Um marcador particularmente interessante envolveu a DPP-4, uma proteína que degrada a GLP-1. A GLP-1 é uma hormona que aumenta a secreção de insulina e serve de base para vários medicamentos mais recentes usados no tratamento de diabetes e obesidade.

Nos centenários, os níveis de DPP-4 permaneceram bem preservados. E os investigadores sugerem que isso pode, de facto, ser benéfico.

“Ao degradar a GLP-1, a DPP-4 ajuda a manter níveis relativamente baixos de insulina, o que poderia protegê-los contra hiperinsulinismo e síndrome metabólica”, disse Delhaes.

“Este também é um mecanismo contraintuitivo, sugerindo que os centenários mantêm um bom equilíbrio da glicose sem precisar produzir grandes quantidades de insulina.”

A ideia é que os centenários possam alcançar estabilidade metabólica não por “forçar” o sistema, mas por mantê-lo eficiente e estável.

Lições para viver além dos 100

Os investigadores enfatizam que o trabalho não é uma “receita de longevidade” e que os achados não tornam o envelhecimento uma escolha. A proposta é que as pessoas possam viver mais quando sistemas-chave - estresse oxidativo, inflamação, manutenção dos tecidos e regulação metabólica - se deterioram mais lentamente.

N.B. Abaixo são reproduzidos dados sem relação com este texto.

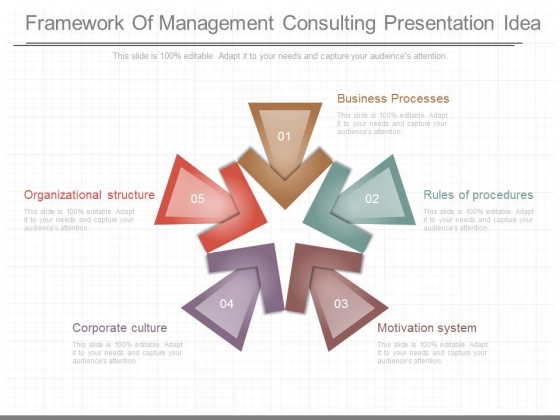 Framework Of Management Consulting Presentation Idea Framework Of Management Consulting Presentation Idea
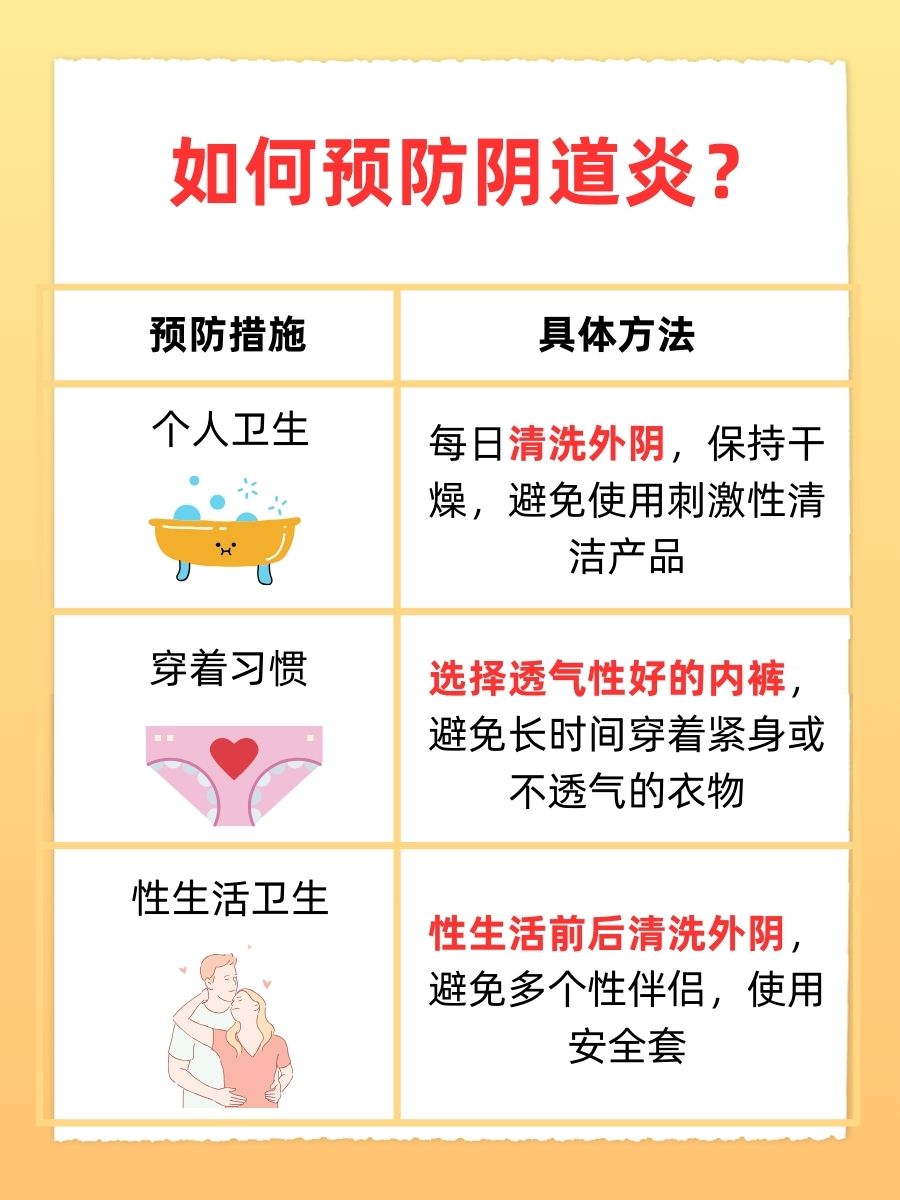 老年性阴道炎，中成特效药大揭秘！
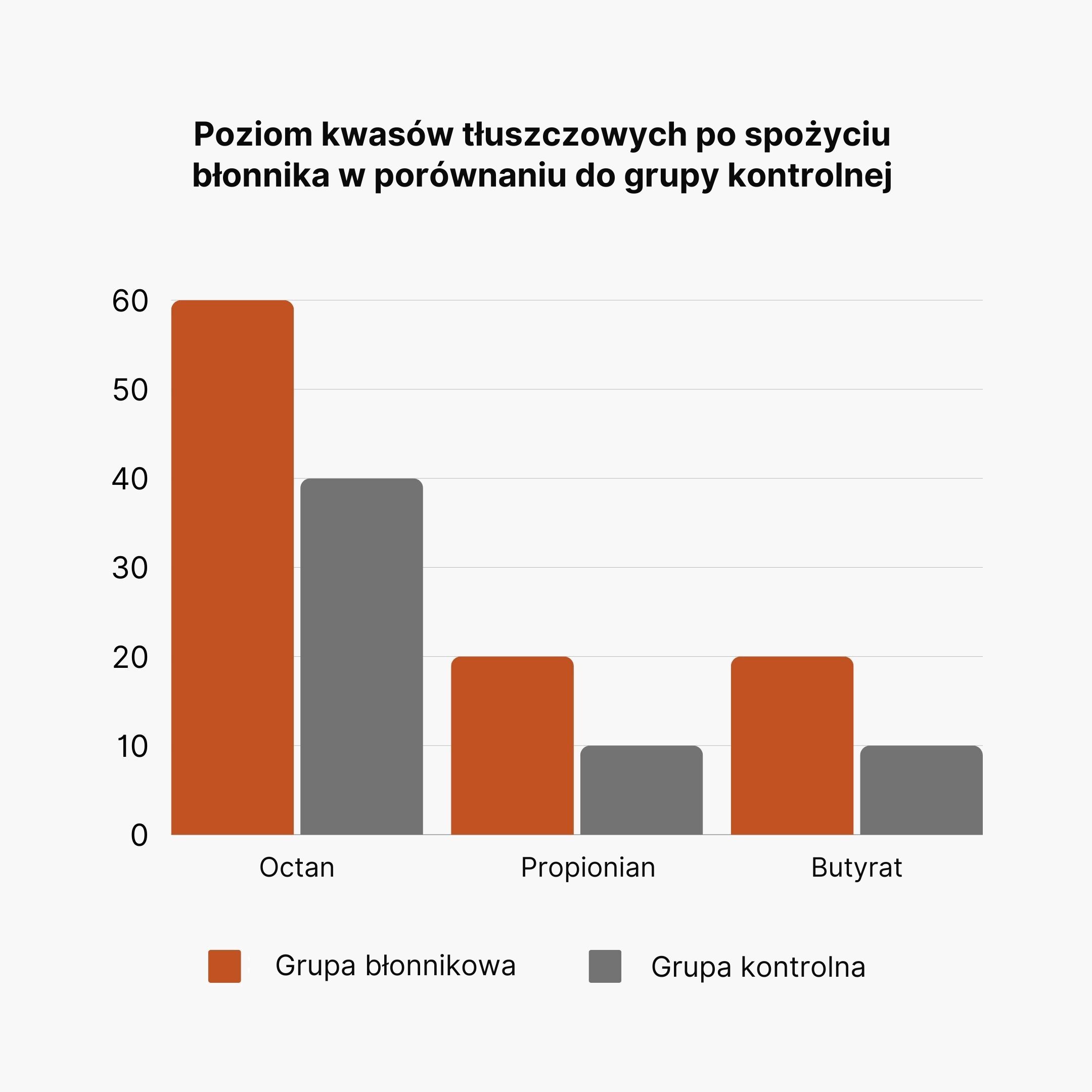 BrainMax Prebiotic Complex, prebiotická směs, BIO, 100 rostlinných kapslí Obrázek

No longo prazo, esse tipo de mapa molecular pode orientar terapias voltadas a reduzir a fragilidade em idosos.

Por ora, os autores destacam um ponto mais prático: o estilo de vida continua a ter grande peso, porque a genética explica apenas uma parte do motivo de algumas pessoas viverem de forma excepcionalmente longa.

Eles estimam a parcela genética da longevidade em cerca de 25%, o que deixa amplo espaço para escolhas do dia a dia influenciarem como o envelhecimento se desenrola. Alimentação, atividade física e ligação social surgem como alavancas importantes.

Eles chegam a dar exemplos concretos. Comer fruta de manhã, observam, pode reduzir o estresse oxidativo no sangue ao longo do dia.

A atividade física pode ajudar a manter a matriz extracelular num estado mais “jovem”. Evitar excesso de peso favorece um metabolismo mais saudável - mais próximo dos padrões metabólicos estáveis vistos em centenários.

O principal recado não é que centenários sejam magicamente imunes ao envelhecimento. O que parece ocorrer é que o organismo alivia algumas das pressões mais danosas do envelhecimento, uma mudança que os investigadores pretendem aproveitar para limitar doença e fragilidade.